目標は「17のゴール・169のターゲット」により構成されています。SDGsは発展途上国に留まらず、先進国も率先して取り組まなければならない普遍的な目標です。
SDGs:2030年を年限とする17の国際目標
- 1.貧困:貧困をなくそう
- 2.飢餓:飢餓をゼロに
- 3.保健:すべての人に健康と福祉を
- 4.教育:質の高い教育をみんなに
- 5.ジェンダー:ジェンダー平等を実現しよう
- 6.水・衛生:安全な水とトイレを世界中に
- 7.エネルギー:エネルギーをみんなにそしてクリーンに
- 8.成長・雇用:働きがいも経済成長も
- 9.イノベーション:産業と技術革新の基盤をつくろう
- 10.不平等:人や国の不平等をなくそう
- 11.都市:住み続けられるまちづくりを
- 12.生産・消費:つくる責任つかう責任
- 13.気候変動:気候変動に具体的な対策を
- 14.海洋資源:海の豊かさを守ろう
- 15.陸上資源:陸の豊かさも守ろう
- 16.平和:平和と公正をすべての人に
- 17.実施手段:パートナーシップでも目標を達成しよう
〈参考〉外務省 SDGsとは?
物流業界に関わりの深いSDGs
17のゴールが定められているSDGsの中で、物流業界と直接的に関わる目標をまとめました。

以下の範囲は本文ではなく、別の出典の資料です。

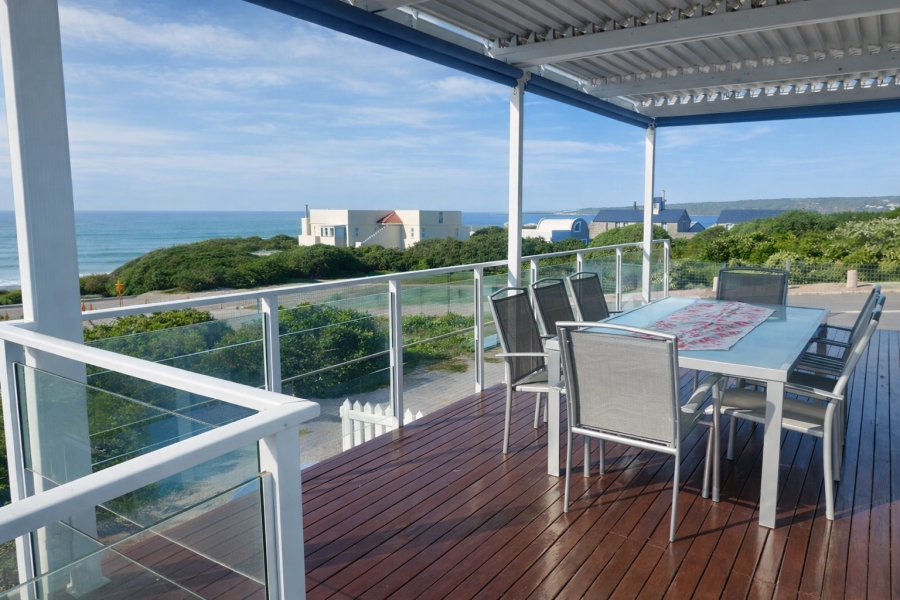 5 Bedroom Property for Sale in Boggomsbaai Western Cape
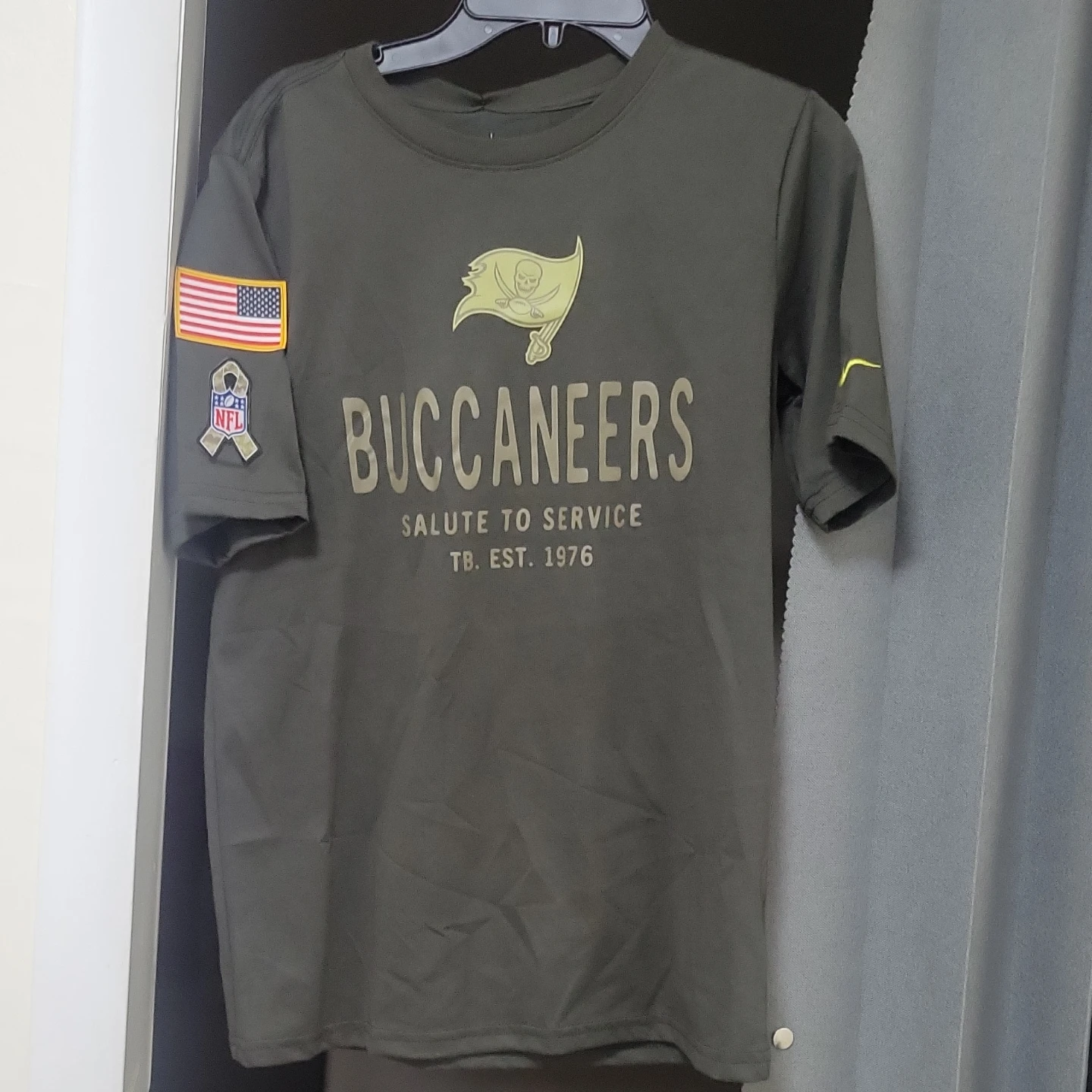 Nike NFL Buccaneers Salute to Service T-Shirt - photo 3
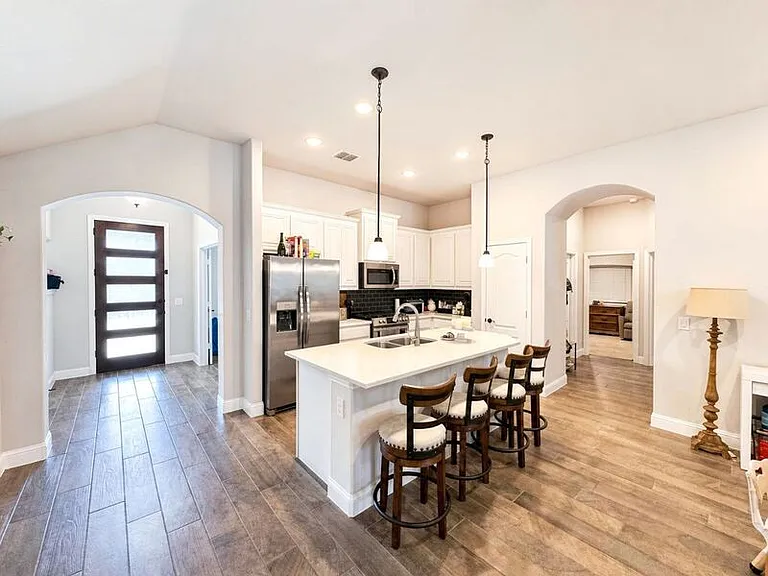 9117 Amistad Ln — Photo 2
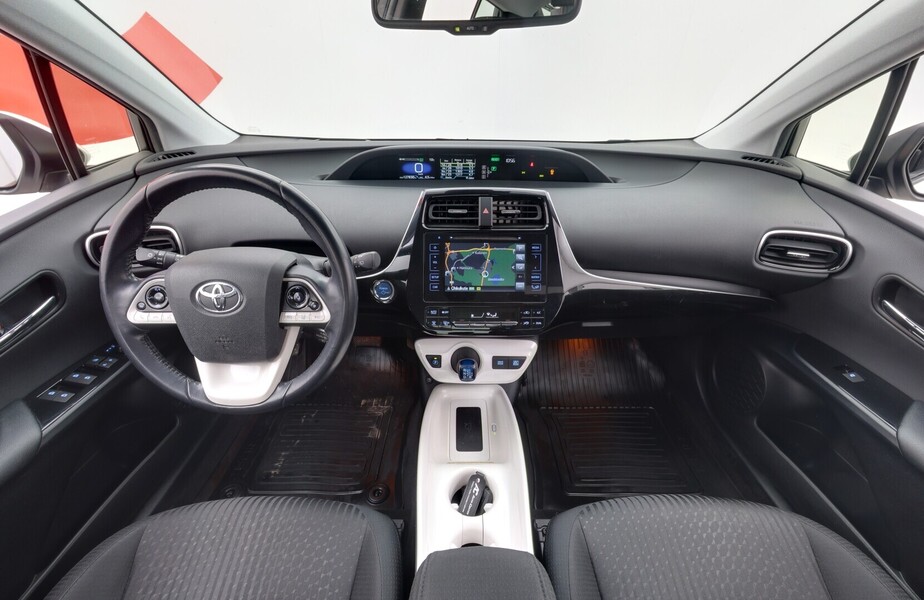 Toyota Prius vaihtoauto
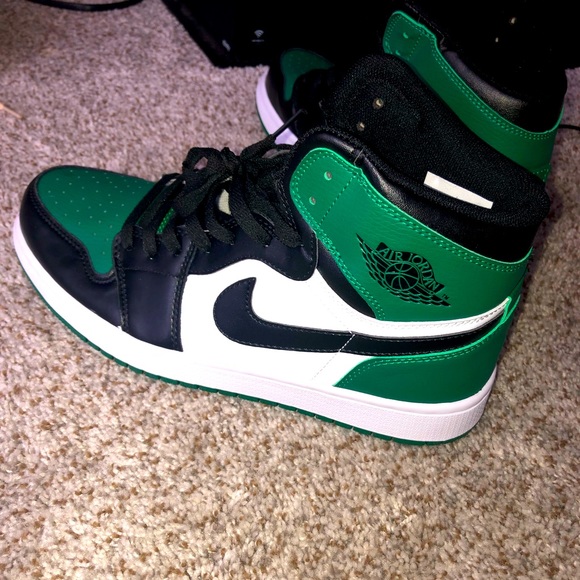 Only worn once (no box ) all my shoes in containers still has it value - Picture 1 of 6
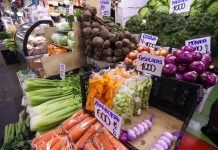 Ministro Valenzuela destaca caídas de precios del huevo y la palta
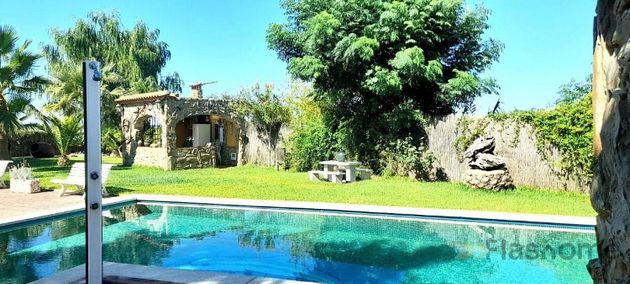 Foto 2 de Venta de chalet en Villanueva de la Serena de 2 habitaciones con piscina y jardín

SDGs7「エネルギー」:エネルギーをみんなに そしてクリーンに
主に、信頼できるエネルギーサービスへの普遍的アクセスや再生可能エネルギーの拡大、消費効率の改善率増加などを目標とします。
エネルギー効率および、環境負荷の低いクリーンエネルギーの研究や技術へのアクセスを促進し、地球温暖化の防止やエネルギー消費の効率化を促進していきます。物流業界では、運送に使用するトラックのハイブリッド化や低燃費化などが挙げられます。
SDGs8「成長・雇用」:働きがいも経済成長も
若者や障害者を含むすべての男女に働きがいのある仕事、同一労働同一賃金の達成を目標とします。強制労働を根絶し、労働者の権利を保護しつつ、安全・安心な労働環境実現を促進するための目標です。
SDGs9「イノベーション」:産業と技術革新の基盤をつくろう
包括的かつ持続可能な産業化を促進し、環境に配慮した技術・産業プロセスの導入拡大を目標とします。

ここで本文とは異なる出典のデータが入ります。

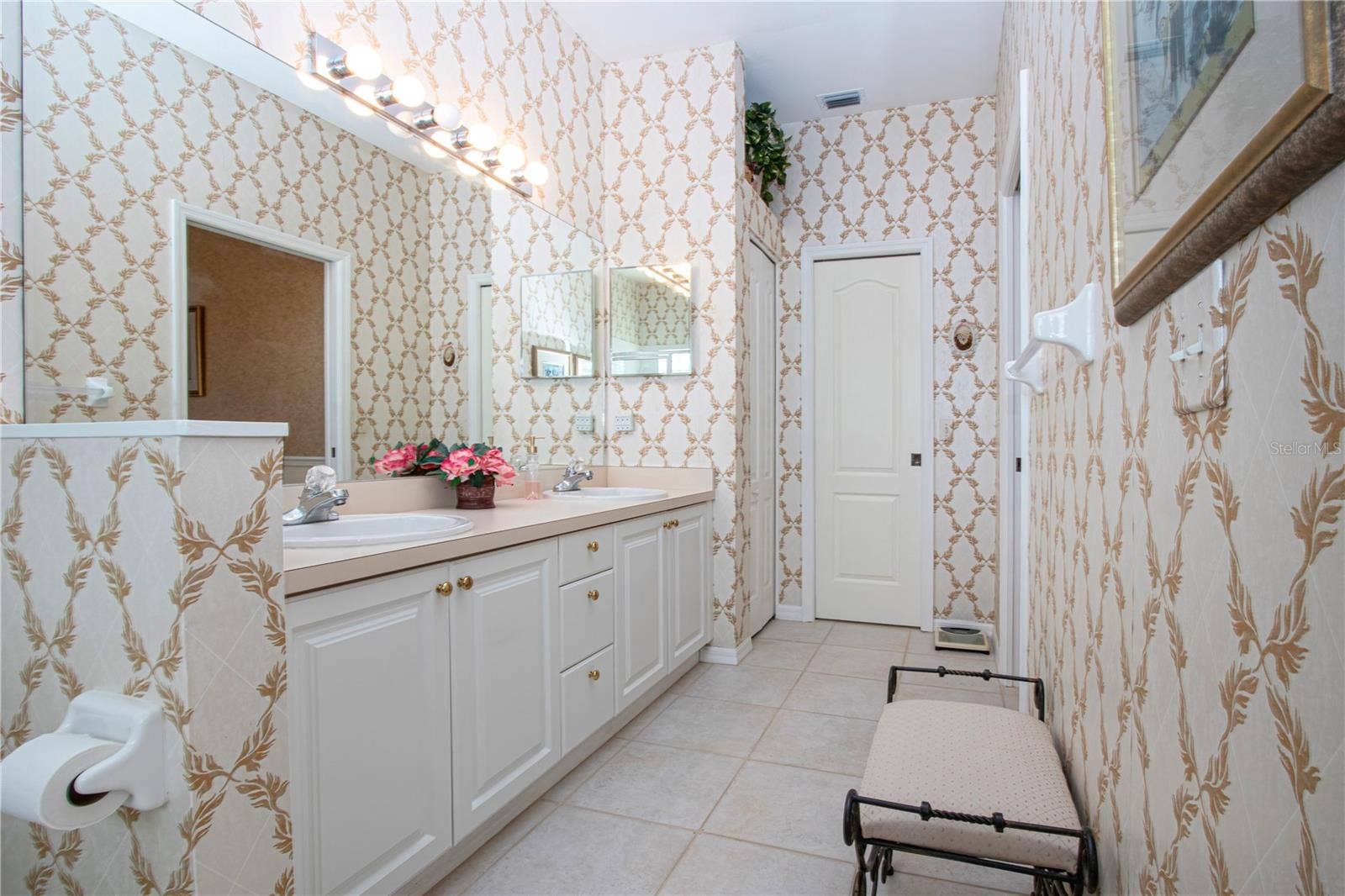 4937 CHASE OAKS DRIVE, Sarasota, FL 34241 Towards walk in closet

人手不足が懸念される物流業界においては、デジタコなどの最新機器を導入することで安全性への取り組みを強化、持続可能な産業としての技術革新を促進しています。
SDGs13「気候変動」:気候変動の具体的な対策を
温室効果ガスの排出減少や脱炭素化を通じて、地球規模の気候変動を軽減するための目標です。気候変動対策を各国の政策に盛り込み、戦略や具体的な対策実施を推進します。
車両のエコドライブ運転や、アイドリングストップなどは、気候変動対策として物流業界が尽力できる施策の一つです。
物流業界のSDGsに対する具体的取り組み
物流業界では、SDGsに関する様々な取り組みを実践しています。具体的な内容は以下の通りです。
グリーン物流パートナーシップ
物流業界における環境負荷の低減や、生産性向上を目的とした持続可能な物流体系の構築に向け、荷主および物流事業者間の連携的な活動を普及促進する取り組みです。

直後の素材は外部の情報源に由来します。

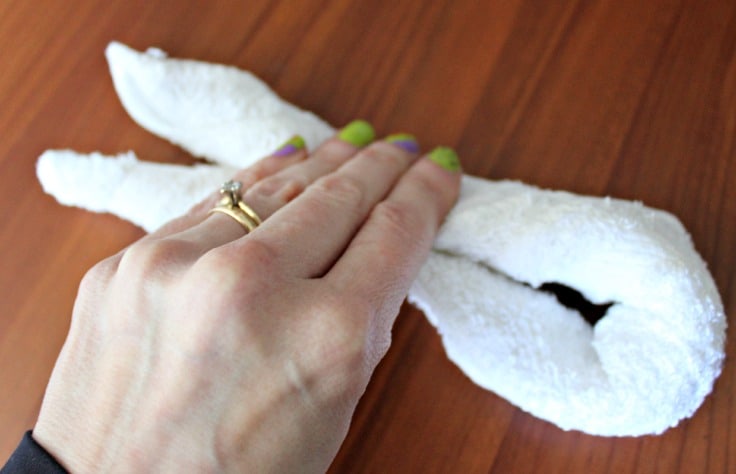 Easy Easter Crafts: Washcloth Bunny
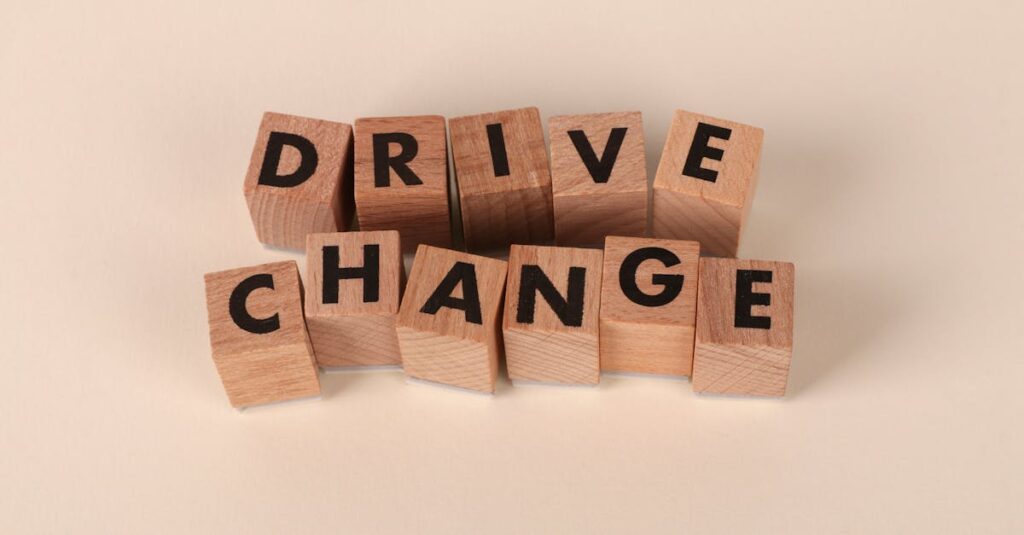 ブログ記事を書く目的をホワイトボードに書き出すブロガー。ターゲットとゴールが明示されている。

SDGsにおける「エネルギー」や「気候変動」といった目標に対する取り組みや情報を業界内で共有し、地球にやさしい物流を目指します。
経済産業省や国土交通省、一般社団法人である物流連合会などが主催となり、優秀な取り組みに対しては表彰も行われます。
梱包資材の削減・転換
物流事業に使用する梱包材にはプラスチックなどが大量に使用されており、これらが廃棄されることにより産業廃棄物による環境汚染が進行します。
物流業界では、環境を害する素材に代わってリサイクル可能な段ボールなどを積極的に取り入れ、環境対策や積載効率アップに貢献しています。
運送・配送業務の共同化
複数の企業がトラックなどの運送手段を共有し、荷物を運ぶ施策です。運送手段を共有することで、配送の効率化とコストの削減、温室効果ガスの排出現象などのメリットが見込まれます。
また、ドライバーの長時間労働是正にも効果的であり、今後のさらなる普及が期待されている施策です。
モーダルシフト
運送・配送手段に鉄道や船舶を利用する施策です。従来のように、すべての荷物をトラックなどの車両に頼る方法を改善し、必要に応じて一部の道程に鉄道や船舶を利用します。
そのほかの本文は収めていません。